Australian technology news, reviews, and guides to help you
Australian technology news, reviews, and guides to help you

Doorbells to change as Ring acts as your video bouncer and concierge

It’d be nice if someone sat at your door like a virtual security guard, informing you of visitors even if you aren’t at home. While we can’t all have this, technology can at least make the attempt.

And one piece of technology really is giving it a good thwack, with a new gadget aimed at replacing your traditional doorbell.

Called “Ring”, it’s essentially a small camera, WiFi transmitter,  and walkie talking all in one, delivering a WiFi connected video doorbell that will let you talk through it to people standing at your door. Backed by Sir Richard Branson of the Virgin empire (we can call it that, right?), it’s essentially a security system with a doorbell planted inside.


The product does come with some unique additions, such as the ability to send the door bell alert to any phone or tablet logged into a connected account, as well as plug-in chimes that can be connected to a wall connection and a wireless network.

Ring also allows you to deal with door notifications remotely, so if someone drops by your home and you’re not there, the moment they press that doorbell button, it will ping your phone or tablet and allow you to log in and talk to whoever is standing right there, ideal whether you’re not at home or are and just happen to be relaxed enough that you’re not keen to move.

Originally introduced in the US and UK, Ring is now ready for Australia, and is bringing with it the aim to use the technology to reduce crime in neighbourhoods, with the video camera able to be configured to pick up on motion and alert the home owner while it captures video.

“We’re very excited to introduce Ring to our Australian neighbours,” said Jamie Siminoff, Chief Inventor and CEO of Ring.

“We are committed to our mission of  reducing crime in neighbourhoods, and we know that by creating a ‘Ring of Security’ around homes, we  can empower home-owners to pro-actively fight crime in their community,” he said.

While the technology does appear to be impressive, especially in the small footprint, one of the things that grabs us immediately is the level of compatibility, with platform support extended from your typical iOS and Android as well as Windows 10 computers, but also to other devices connected to the home security side of the “Internet of Things”.

This means if you happen to have a Bluetooth door lock, Ring’s Video Doorbell will talk to your system, and if you happen to have a Belkin WeMo system, the same applies, with Ring adding compatibility for other devices, also.

There’s even the ability to install the Ring Video Doorbell when you’re renting, because while the idea of a video doorbell normally requires the unit to be wired into the wall complete with electricity wires, Ring overcomes this by being USB charged if needed, handy for people who won’t be hard wiring the unit in.


We’re told the battery should last at most a year, and if you need to recharge, you can simply remove it from the wall and plug it back into a microUSB cable, charging up the unit once more, something we’d suggest doing while you’re at home.

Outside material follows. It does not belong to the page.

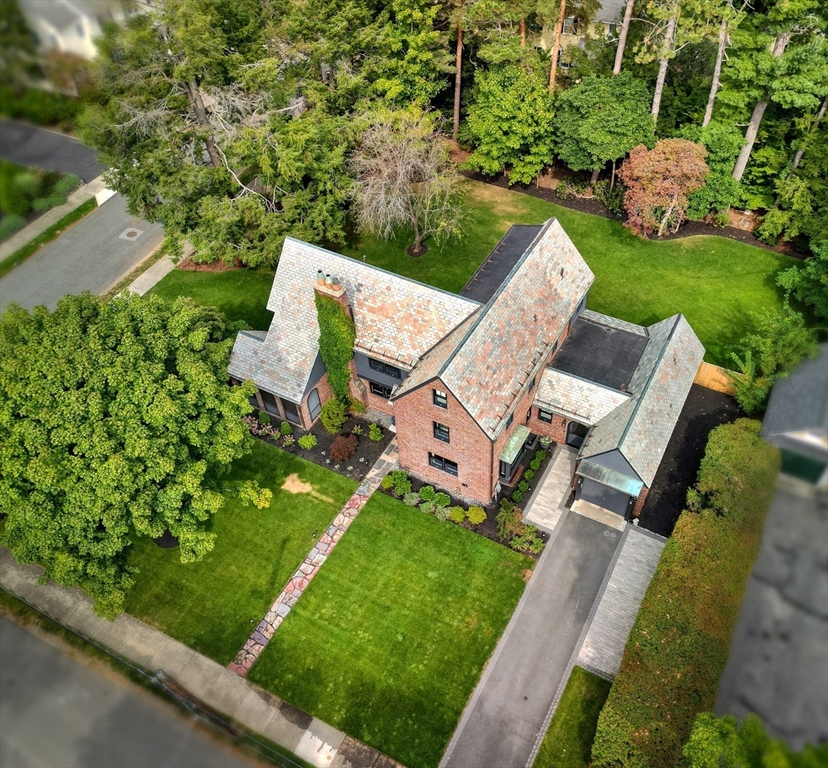 27 Cabot Street Winchester, MA 01890 - Photo 42 of 42 an aerial view of a house with a garden and swimming pool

Pricing on the Ring Video Doorbell isn’t bad for what you get, either, with the combination door bell and security system retailing in Australia for a recommended retail price of $299 at JB HiFi, Harvey Norman, and selected Bunnings stores this month (October).

You won’t get the plug-in chime with this, as it retails for an optional $59, but provided you have a phone or tablet, you may not need it either.

We’ve installed one, too, and should have a review any day now, provided people keep pressing our bell.